§ What to produce
Beginning at the line that holds "Γυναικεία μπλούζα Pull&Bear, Μέγεθος", transcribe each line exactly through the end of the records, and leave any pictures out.

§ Entries shown
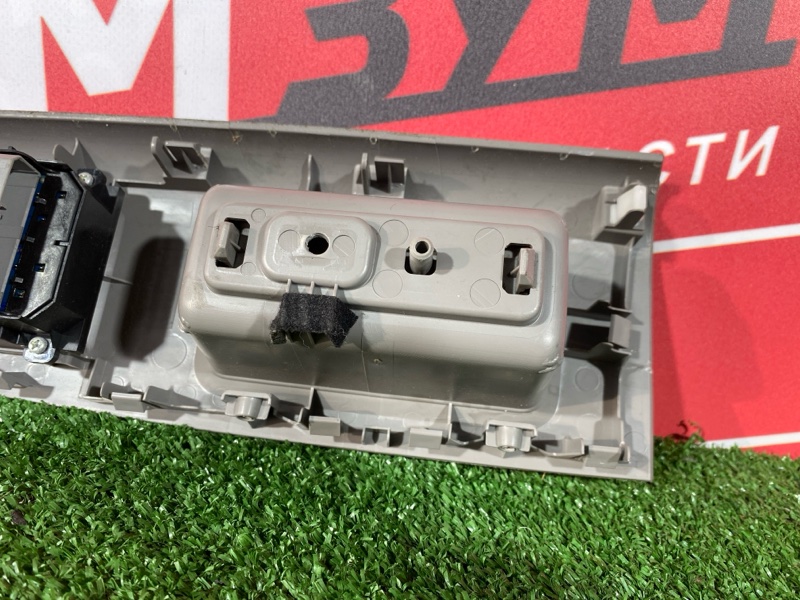 Блок управления стеклоподъемниками, 500 рублей, Солонцы
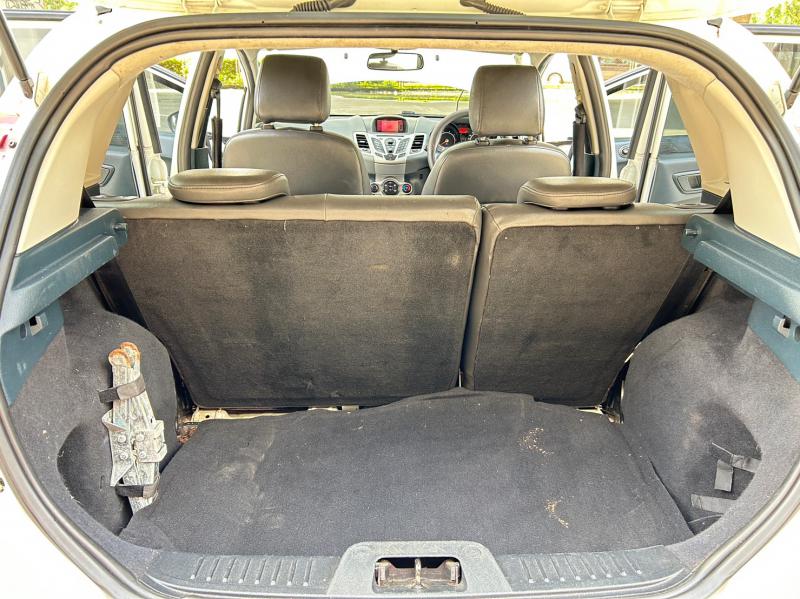 FORD FIESTA 2011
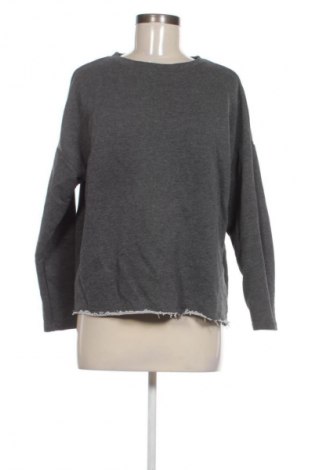 Γυναικεία μπλούζα Pull&Bear, Μέγεθος M, Χρώμα Γκρί, Τιμή 9,72 €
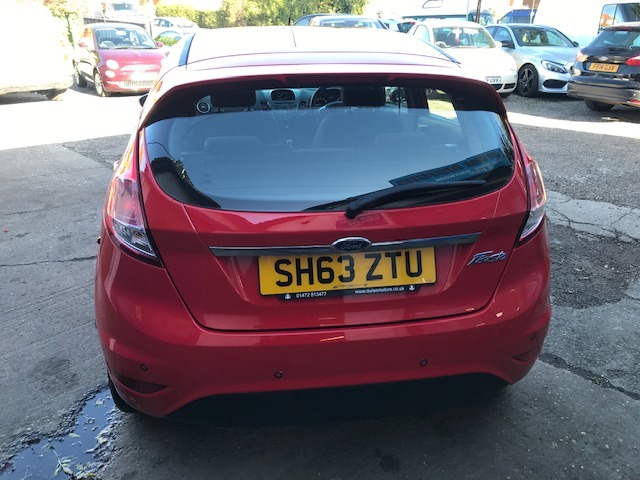 Used Ford Fiesta 2014 for sale - 76366737: Photo 4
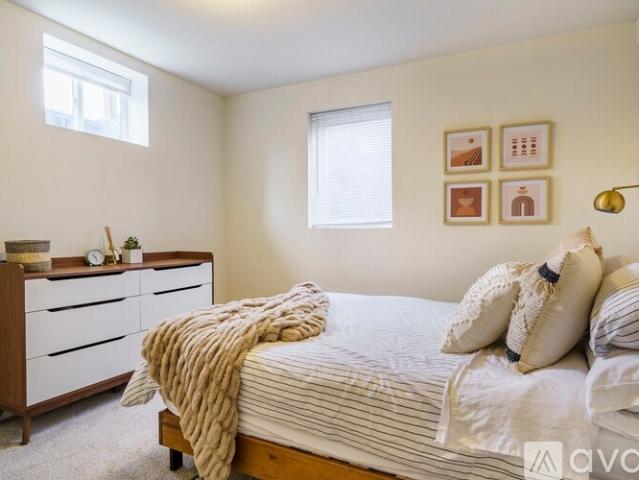 3 BR, 1 BA Apartment 5506 NE Hoyt St B Portland Or 97213, Portland, OR 97213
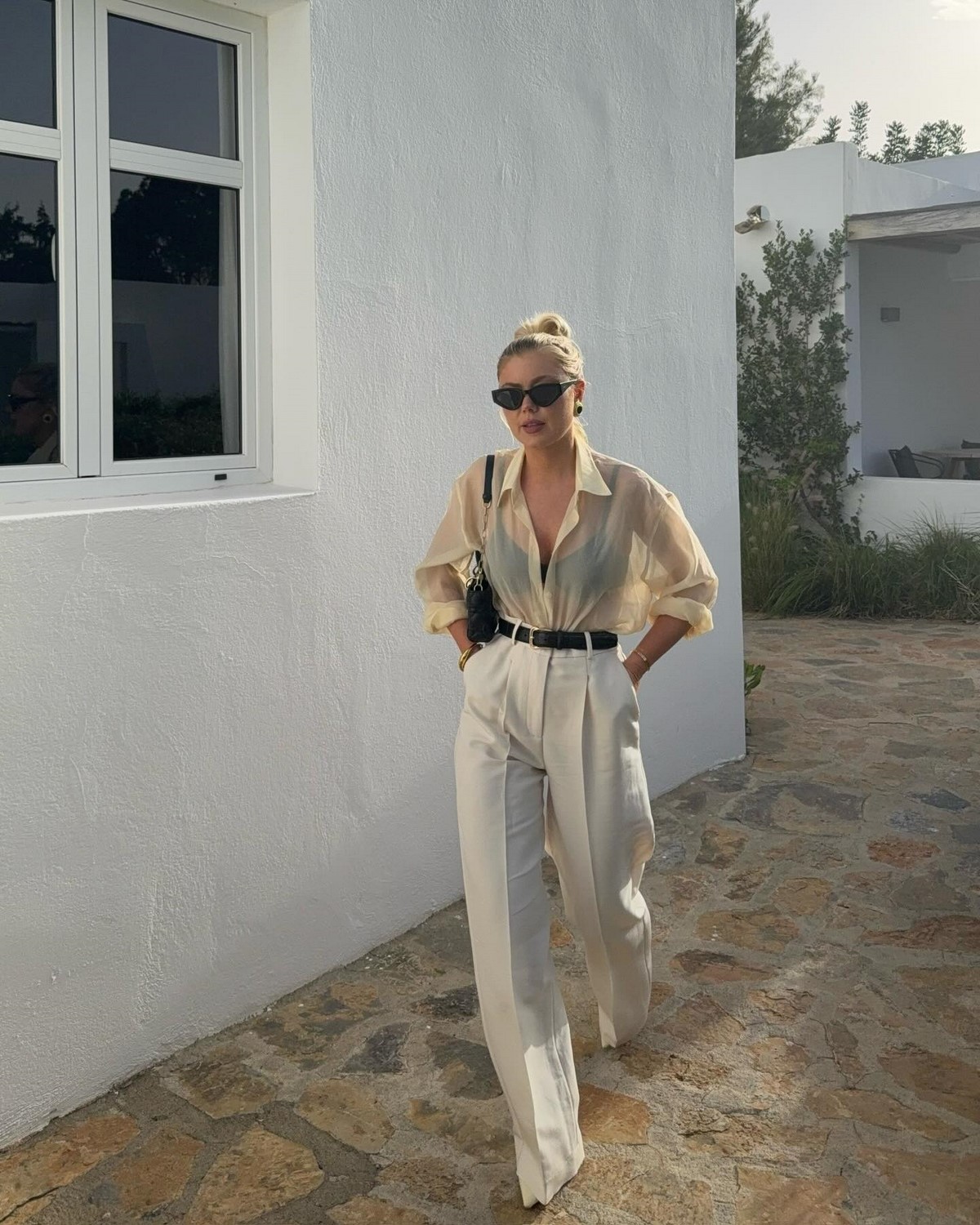 Этот цвет в одежде делает образ аккуратнее без усилий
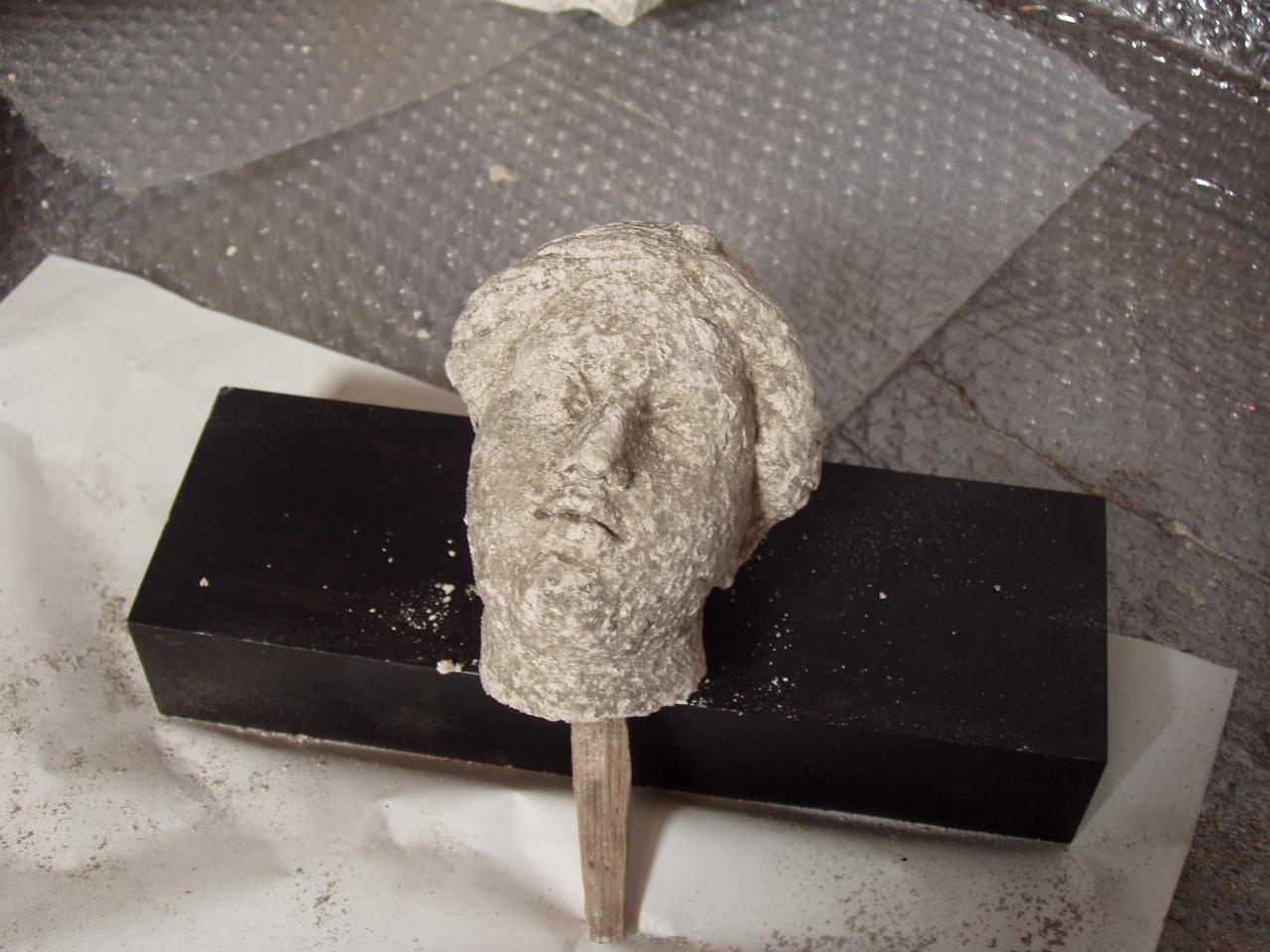 Testina femminile, figura femminile (statua) - ambito lombardo (sec. XIX)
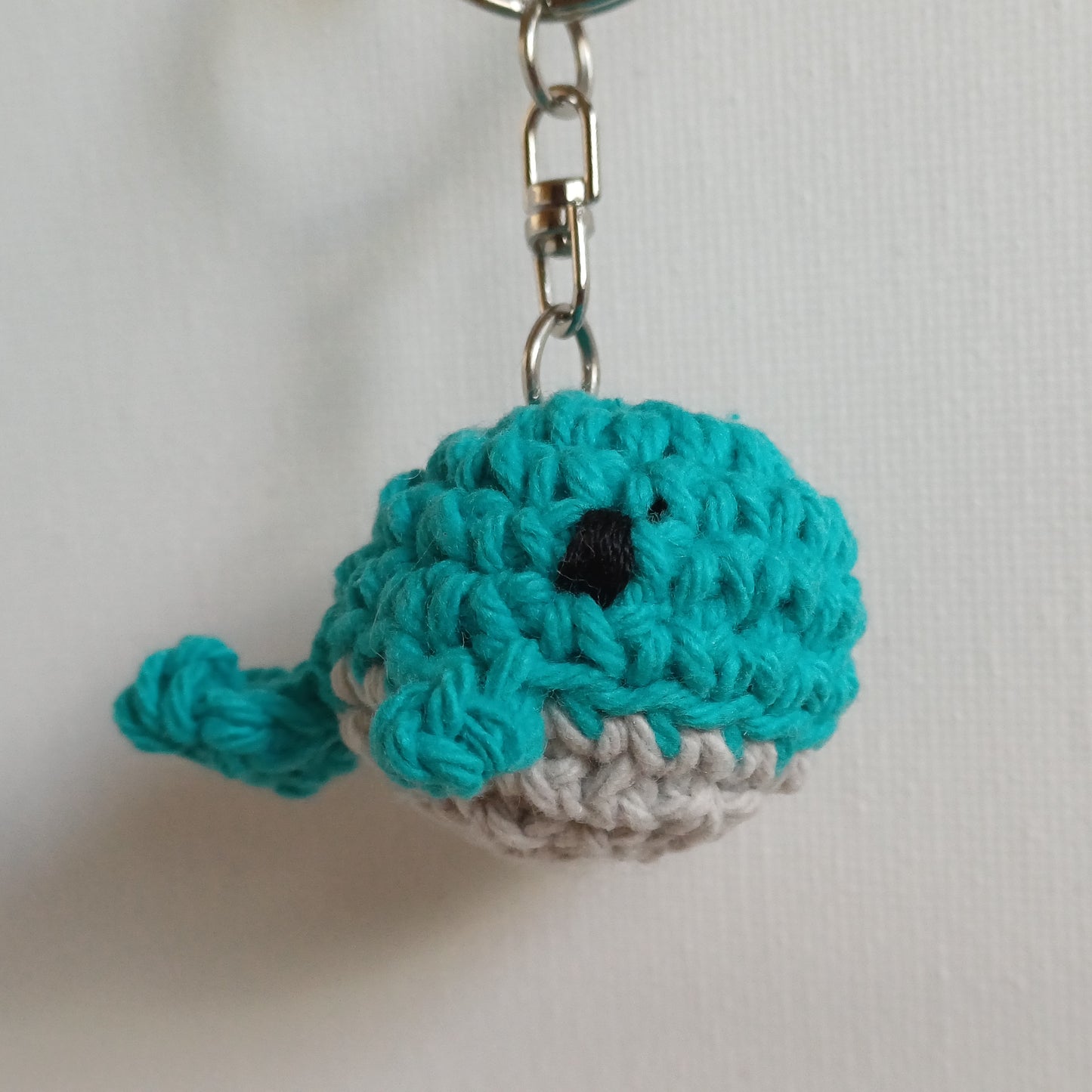 Porte-clés mini baleine turquoise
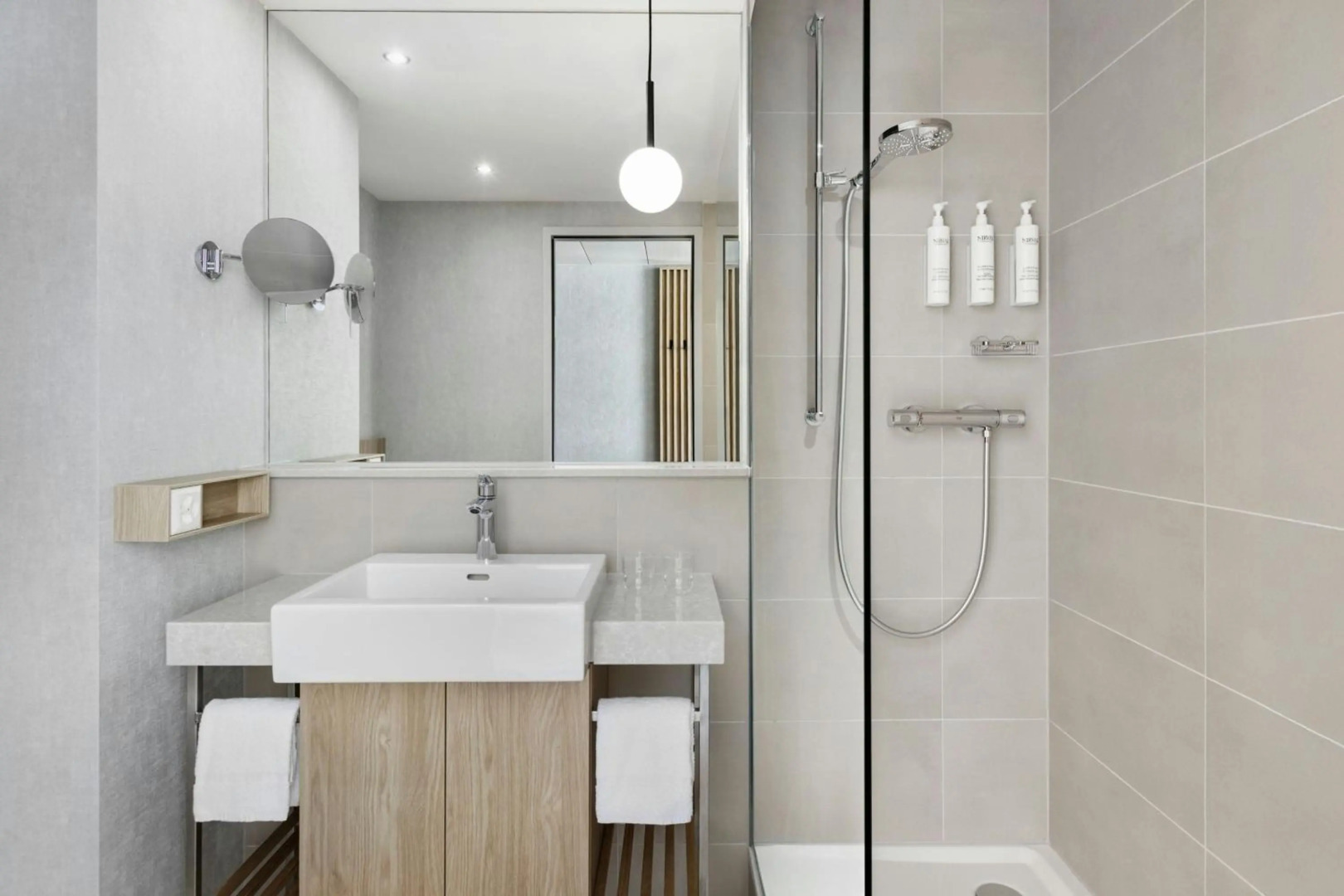 Foto - Courtyard by Marriott Zurich North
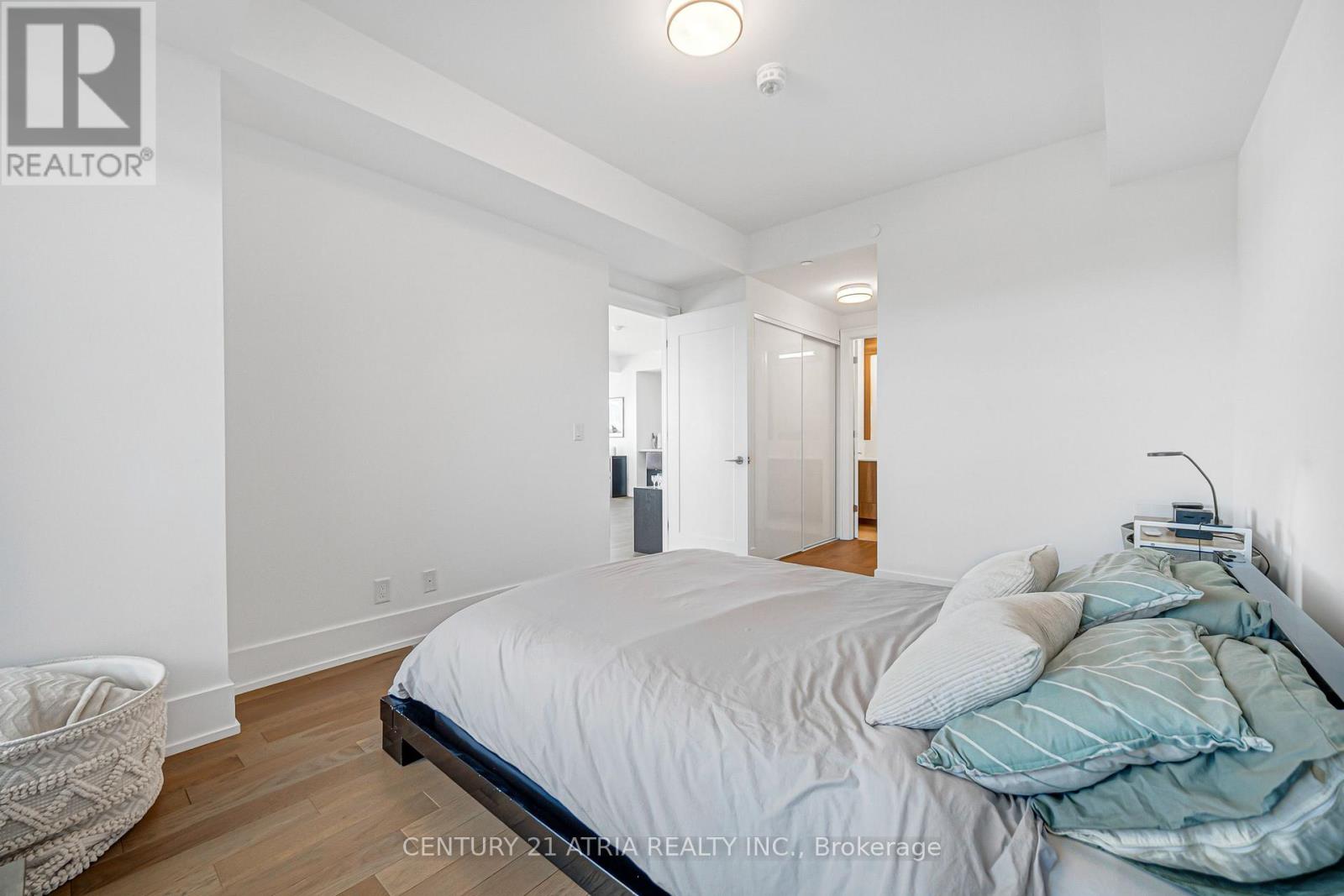 #1219 25 ADRA GRADO WAY - 19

§ Answer
 Γυναικεία μπλούζα Pull&Bear, Μέγεθος M, Χρώμα Γκρί, Τιμή 9,72 €
 Used Ford Fiesta 2014 for sale - 76366737: Photo 4
 3 BR, 1 BA Apartment 5506 NE Hoyt St B Portland Or 97213, Portland, OR 97213
 Этот цвет в одежде делает образ аккуратнее без усилий
 Testina femminile, figura femminile (statua) - ambito lombardo (sec. XIX)
 Porte-clés mini baleine turquoise
 Foto - Courtyard by Marriott Zurich North
 #1219 25 ADRA GRADO WAY - 19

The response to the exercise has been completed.